Port of Pula

About Pula, Guide and Tourist Attractions
(Pula, Istria, Croatia)

Pula is popular with international tourists because of its mild climate, beautiful turquoise waters and unspoiled beaches. The city has a history of winemaking, fishing and shipbuilding. It is also the largest city in Istria.

Istria itself is somewhat independent in character, preferring to associate itself with Italy rather than Croatia. It has played an important role in the History of the Adriatic, and benefitted from its suzerainty to Venice through the centuries. The locals are more likely to speak Italian than Croatian.

What to do in Pula

The town has a rich Roman history evident in its many historic sites, which are all well worth visiting. Other attractions include the area's beaches and some very good seafood restaurants, cafés and shops. Apart from seeking out the Roman ruins, wandering the small lanes of this port city is charming.
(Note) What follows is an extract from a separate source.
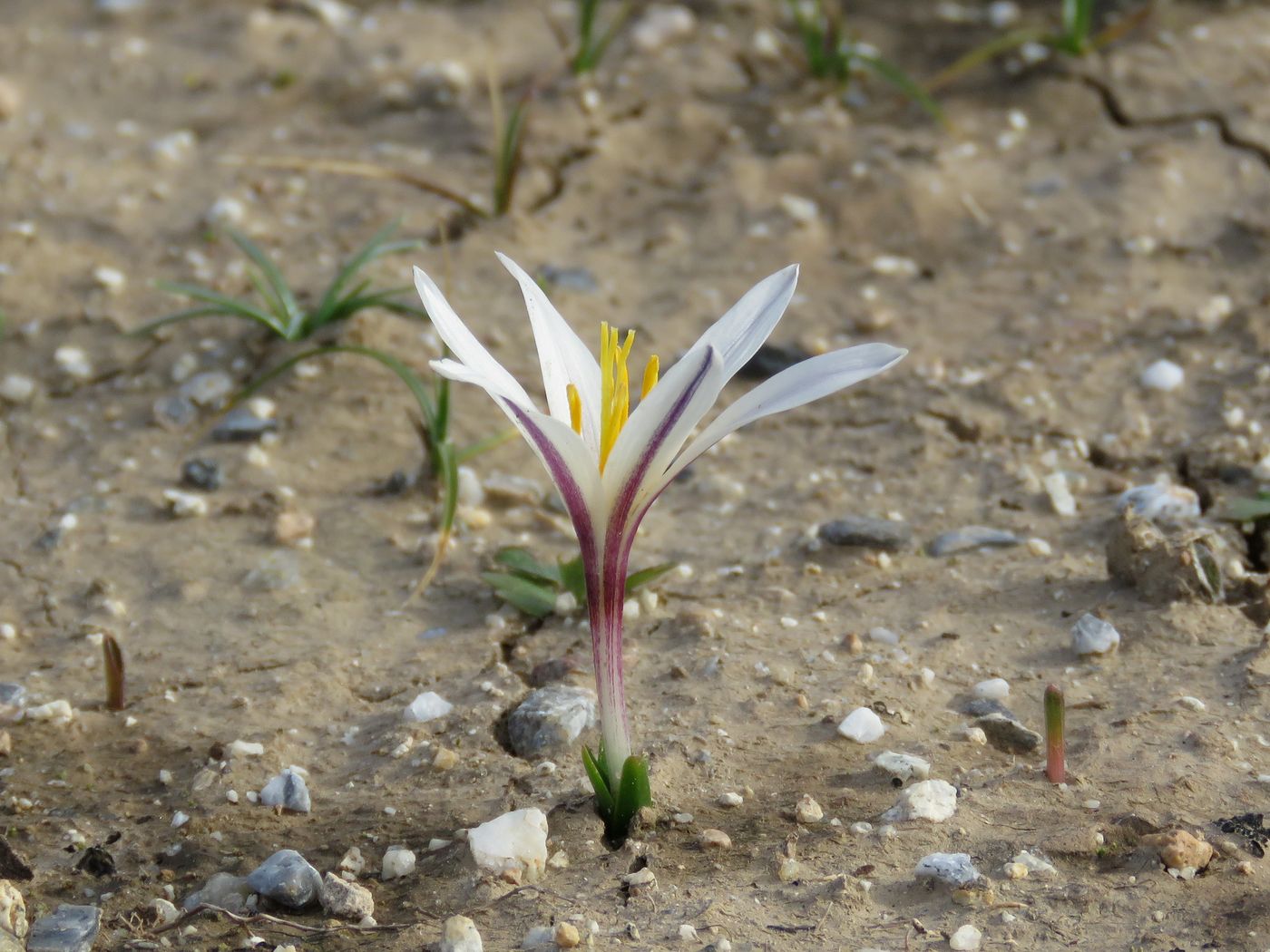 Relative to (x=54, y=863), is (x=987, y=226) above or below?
above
With a somewhat Italian character, there is a certain charm to Istrian towns, experienced by sitting at pavement cafés and people watching. The food is particularly good and the atmosphere laid back.

Tourist Attractions

The Arena is probably one of the biggest tourist draws in Pula. It dates back to the 1st century AD and is a Roman amphitheatre, which is still used during summer film festivals. The Arch of the Sergii also dates back to the 1st century AD and is another ancient marvel.

The city's old quarter is full of curious narrow streets surfaced with Roman paving stones and is a wonderful place to visit to see Medieval and Renaissance buildings and attractions.

Cliff diving, sailing and wreck scuba diving are all popular activities in the tame waters of the Adriatic. For nature lovers, the nearby Brijuni National Park has much to see and do.